Bei Patientendaten ist der Datenschutz recht kritisch, aber ich denke, das weißt Du bereits. Einen eigenen Server zu programmieren ist daher eine denkbar schlechte Idee. Lieber einen fertigen, getesteten und relativ sicheren Server verwenden, zB Apache+mod_ssl oder einfach SSH. Ein paar kleine Skripte dazu ( = übersichtlich, einfach zu warten, geringes Risiko von Sicherheitslücken) und fertig. Weniger Arbeit ist es nebenbei auch noch.

genumi

Hallo

Moin Basti!,

Wer oder was?

? ja und ? wie soll’s sonst gehen ?
irgendwie sollen ja die Patienten auf den Web-Server zugreifen
könen…

Ja. Und wozu bastelt man sich zu Hause zwei Netze? Das halte ich für herrlich sinnlos.

Gruß,

Sebastian

Ach so…
http://www.leckse.net

Wenn, dann richtig :smile:

Hallo Micha,

hört sich nach ner DMZ (demilitarisierte Zone, hat nichts mit UNO zu tun)für den Webserver an. Ist ein drittes Netz, vom Internet zur DMZ geht, von DMZ zum Homenetz geht nicht und evtl. von Homenetz zur DMZ geht. Wenn der Webserver gehackt wird, noch keine Gefahr für das private Netz.
Lässt sich mit einem Router mit DMZ erledigen (bei google nach DSL-Router und DMZ suchen), oder mit nem Firewall-PC mit 3 Netzwerkkarten oder ner kleinen Firewall, kostet aber etwas mehr.
Macht jede große Firma so, wenn sie die eigenen Webseiten oder den E-Mail-Server im Hause hat. Für Privat ist es eigentlich nur eine Kostenfrage … (aber techn. kein Problem und absolut üblich)

MfG
Stephan

Hallo Stephan,

in der Richtung dachte ich auch schon. Mein Router (Draytek Vigor) hat eine DMZ-Option. Ich werde es mal versuchen.

Danke!

bye
Micha

Ja. Und wozu bastelt man sich zu Hause zwei Netze? Das halte
ich für herrlich sinnlos.

Aber Sebastian.

Erkennst du denn das DMZ nicht? Immerhin kann der leichtfertige Umgang mit Patientendaten durchaus strafrechtliche Folgen nach sich ziehen. Da muss man sich doch absichern.

SCNR,
Schorsch

Ja. Und wozu bastelt man sich zu Hause zwei Netze? Das halte
ich für herrlich sinnlos.

Aber Sebastian.

Erkennst du denn das DMZ nicht? Immerhin kann der
leichtfertige Umgang mit Patientendaten durchaus
strafrechtliche Folgen nach sich ziehen. Da muss man sich doch
absichern.

Wären dann nicht ein paar mehr DMZetten sinnvoll? Sagen wir mal 23 oder so?

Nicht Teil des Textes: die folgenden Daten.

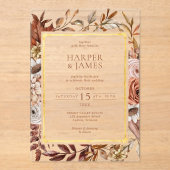 Rustic Watercolor Autumn Floral Frame Wedding アクリル招待状 (正面)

Wenn die EKGs mit dem Stealth-Mode processed werden sollen, würde ich sogar für bis zu 42 DMZetten plädieren.

Gruß,

Sebastian

Mein Router (Draytek
Vigor) hat eine DMZ-Option. Ich werde es mal versuchen.

Das was die meisten SoHo-Router als DMZ bezeichnen ist leider keine. Da wird einfach ein Rechner zum Internet-Server „ernannt“ und alle von aussen zum Router aufgebauten Verbindungen zu diesem Rechner umgeleitet. In Sachen Sicherheit bringt dir das nichts, weil der Internet-Server immer noch im selben Netz wie die andren steht.

Ein Router mit „richtiger“ DMZ-Option braucht einen physischen seperaten DMZ-Port, damit der DMZ-Rechner vom übrigen Netz getrennt ist.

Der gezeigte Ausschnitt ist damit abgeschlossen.